Naipaul on the Revolutionary Blame Game

No one I met spoke of any kind of revolution as a possibility. That idea, so loved by Iranians of an earlier generation, had been spoilt now, as in the old USSR; revolution was a word that had been taken over by the religious state. No one ever spoke of the possibility of political action. There were no means, and no leaders in sight. No new ideas could be floated. The apparatus of control was complete. The actual rulers, though their photographs appeared everywhere, were far away; government here, as someone said, was "occult." And still, in the general inanition, there was a feeling that something was about to happen. It made people nervous.

One afternoon, as we were driving up into the mountains above Tehran, Mehrdad, after seeming to say that people had learned how to live with the restrictions, abruptly said the opposite. He said, "Everybody is frightened. I am frightened. My father and mother are frightened." (Poor father, again.) "They are not sure what the future will bring for them or for us, their children. They are not so worried for me. I am an adult now and can look after myself. But my brother is very young. The eight years or so he has to live before he becomes an adult are going to be very dangerous years."

With this insecurity, certain fantasies had taken hold. The most extraordinary was that Khomeini had been a British or European agent. I had heard it first from Mr. Parvez, and had thought it part of his paranoia. But then I had heard it from many other people. There had been a meeting in the French West Indian island of Guadeloupe, according to this story, and the Powers had decided to foist Khomeini on the Iranian people. The Iranians were simple people; they could be persuaded by skilled propaganda to demonstrate for anything; people had joined the demonstrations against the Shah not out of conviction, but simply to do what everybody else was doing. The establishing of an Islamic state in Iran was an anti-Islamic plot by the Powers, to teach Muslims a lesson, and especially to punish the people of Iran. And, as if answering those fantasies, there were even signs of the faith being questioned in certain aspects.

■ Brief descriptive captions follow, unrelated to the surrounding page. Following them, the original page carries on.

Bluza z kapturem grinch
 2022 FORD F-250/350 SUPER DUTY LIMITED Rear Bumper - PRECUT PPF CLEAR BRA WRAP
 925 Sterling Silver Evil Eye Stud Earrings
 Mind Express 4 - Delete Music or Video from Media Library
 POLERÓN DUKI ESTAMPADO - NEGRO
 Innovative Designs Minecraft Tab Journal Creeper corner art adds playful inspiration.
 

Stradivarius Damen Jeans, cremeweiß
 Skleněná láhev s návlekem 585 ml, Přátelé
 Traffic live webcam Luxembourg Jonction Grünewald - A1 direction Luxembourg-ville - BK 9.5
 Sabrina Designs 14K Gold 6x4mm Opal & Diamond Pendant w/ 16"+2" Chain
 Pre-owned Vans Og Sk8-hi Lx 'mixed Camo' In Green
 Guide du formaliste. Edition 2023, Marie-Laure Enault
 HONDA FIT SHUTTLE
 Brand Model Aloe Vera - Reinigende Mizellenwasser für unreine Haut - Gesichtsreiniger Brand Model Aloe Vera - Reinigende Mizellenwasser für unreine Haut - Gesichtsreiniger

Mr. Parvez had said, "The war [against Iraq] was fought in the name of Islam. It was a blessing in disguise. Without the war people wouldn't have got so fed up with Islam." That had seemed extreme. But then I had detected wisps and shadows of religious uncertainty in some people's conversation. Just as--in these fantasies issuing out of a people stretched to the limit by revolution, war, financial stringency, and the religious state--it was said that Iranians were not really responsible for the Iranian revolution, so I heard that Iranians were not really responsible for the more dramatic aspects of the Shia faith. The bloody scourgings of Mohurram, the mourning month: the idea was really imported from Europe, from the Catholics; it had nothing to do with the original faith.

I talked about this to Mehrdad. He said, "It's something habitual. Our enemies are always responsible. Blaming others, not ourselves."